Architectural alignment notes

  • Layering. FileSystemProvider belongs in data_designer.engine.resources (line 217) — correct: it's an engine-side abstraction consumed by readers. The provider does not appear in data_designer.config. ✅
  • Lazy imports. A1's protocol references Path and DirFileSystem. DirFileSystem (from fsspec) is already a heavy import; confirm whether the provider module is on the cold-import path or lazy-loaded per data_designer.lazy_heavy_imports. AGENTS.md flags this as a structural invariant. The plan doesn't mention import cost; worth a sentence.
  • Plugin system. The FileSystemProvider is conceptually a plugin extension surface (third parties could in principle inject their own). The plan doesn't say whether this becomes a registered plugin type or stays an internal protocol passed via constructor. Today's pattern (constructor injection from the platform plugin) is fine for the immediate goal but worth stating as a deliberate non-goal so it's not later confused for a registry.

Verdict

Request changes (plan-only). The plan is unusually thorough on the load-bearing decision (validation deferral) and correctly aligned with the project's architectural invariants. The major gaps are: (1) missing testing strategy across all six implementation steps, (2) unaddressed lifecycle/error-normalization details for the long-lived remote provider, (3) an unresolved blocking question about source_path semantics for agent rollout that should not stay in "Risks," and (4) a minor inconsistency between A1's protocol shape and the implementation-plan ordering. These are addressable with edits to the plan itself before code starts; the design is sound enough that the changes are clarifications, not redirections.

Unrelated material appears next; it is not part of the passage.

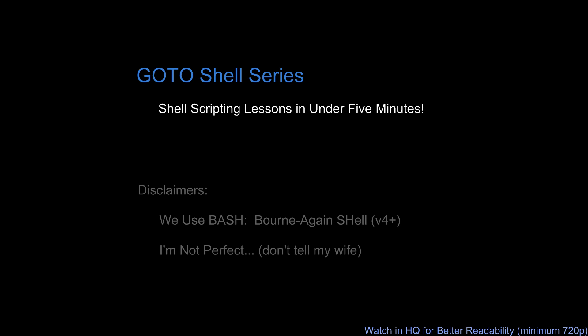One special note before we get started is that we will be talking about something called the internal field separator, which is the IFS variable. It is not important that you know everything about it. We'll cover it in another video, but I will be showing it today, so don't be surprised by it.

- `validate_path` drops `is_dir()` and keeps only cheap structural checks
(non-empty, etc.). It no longer asserts existence.
- `runtime_path` stops unconditionally calling `Path(...).resolve()`; it becomes

Copy link
Copy Markdown
Contributor

Choose a reason for hiding this comment

The reason will be displayed to describe this comment to others. Learn more.

I think this also needs to preserve when local relative paths get anchored. Today FileSystemSeedSource.model_post_init resolves and caches an absolute path when the source is constructed, but the provider sketch resolves local paths later when the reader creates the context. If cwd changes between config load and validate/read, DirectorySeedSource(path="seed-dir") can point somewhere else. Maybe keep construction-time normalization for local-looking paths and only pass through fileset refs.

Copy link
Copy Markdown
Contributor Author

Choose a reason for hiding this comment

The reason will be displayed to describe this comment to others. Learn more.

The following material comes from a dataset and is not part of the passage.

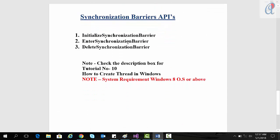The synchronization barrier APIs are: first, InitializeSynchronizationBarrier; second, EnterSynchronizationBarrier; and third, DeleteSynchronizationBarrier. Check tutorial number 10 for how to create a thread, and also check the description box. An important point is that the system requirement is Windows 10 or above — if you try to run this on Windows 7, Vista, or XP, you will get a kernel32.dll error.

I explored a few ways to preserve construction-time anchoring for local paths while still letting remote fileset refs pass through. The tricky bit is that the core Data Designer library should not know how to identify Nemo Platform fileset refs; that grammar belongs to the Nemo Platform provider/plugin. We also considered storing a construction-time local cwd as a private attr and having only the local provider use it, but that creates a footgun: future generic core helpers could accidentally use that local anchoring path in a way that breaks platform refs.

I think the cleaner approach is to make this an intentional semantics change:

  • Config construction validates only structural shape, not existence.
  • path remains the user-authored declarative string.
  • Filesystem interpretation/resolution happens in the active provider at validate/read time.
  • The local provider resolves local relative paths against the cwd at validate/read time.
  • The NeMo provider interprets the raw path as its fileset ref grammar.
  • Users who need stable local anchoring can opt into it explicitly by passing an absolute path, e.g. path=str(Path("./seed-dir").resolve()).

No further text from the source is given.